5 Replies Latest reply on Jan 25, 2011 9:07 PM by Meteorhead

    wavefronts and cpus

      cpu wavefront sse avx

      hi all..

      I'm porting a prefix scan algorithm to run on the CPU. It won't work because the CPU has an effective wavefront size of 1. The wavefront is quite critical for the performance on the GPU. Is it possible to write similar OpenCL code for both devices yet ensure optimal performance on both? I don't know enough about AVX/SSE at this point to know whether this question makes sense :>(.


        • wavefronts and cpus

          Digging into "Writing Optimal OpenCL Code with the Intel OpenCL SDK"  (apologies all around.. i'm sure there is an AMD equivalent) it seems the emphasis is on writing the code to allow easy transition to the 128-bit SSE registers. There doesn't appear to be an equivalent to the GPU wavefront so i now have separate OpenCL code for CPU and GPU.

            • wavefronts and cpus

              It is true that wavefronts do not exist on CPUs, so you could call it that effective size is 1. You should not bother writing 2 codes, one for CPU and one for GPU.

              The compiler will redistribute your thread launching in a manner that even you won't recognize it. My cellular automaton used some 64k threads, and it compiled into a 24 threaded program on a dual core Turion. The numbers have little in common, so you should really not try to optimize thread numbers to the CPU. All you should care about is that you should have at least as many workgroups as cores. (One Compute Unit of a CPU is one core)

              Considering data, GPU code is quite good for CPUs, since most CPUs have some vector type exec unit (take a closer look at Bulldozer or Sandy Bridge for eg.). GPU kernels suit CPUs pretty well. (You can try to optimize it, but it's not wirth the time.

              I had physics simulation which I implemented in CUDA, OpenCL (multi-gpu both) and pure MPI too (same algorithm, but optimized for CPUs) and the OpenCL kernel written for GPUs but compiled onto CPU ran more than 2X fast than the CPU optimized, pure C++ version on an Intel Xeon. (Used StreamSDK to compile onto CPU.)
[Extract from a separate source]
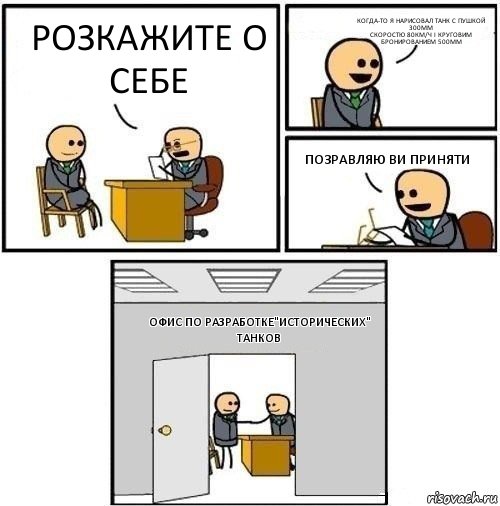 розкажите о себе когда-то я нарисовал танк с пушкой 300мм
скоростю 80км/ч і круговим бронированием 500мм позравляю ви приняти Офис по разработке"исторических" танков, Комикс  Приняты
              These are my exepriences.

            • wavefronts and cpus
              Meteorhead is correct. Write for the GPU, the CPU should work pretty well with that code.
                • wavefronts and cpus

                  ok - thanks. I was making an assumption in the GPU-specific code that the number of warps in a group would never be greater than the size of a warp, which breaks trivially on a CPU, but i've worked around it.

                  Meteorhead: Intel's benchmarks from "Optimizing OpenCL on CPUs" show that hand-tailored OpenCL code runs just a bit slower than hand-tailored SSE/MT code and 25x faster than naive C. Perhaps your C++ simulation was not using SSE originally?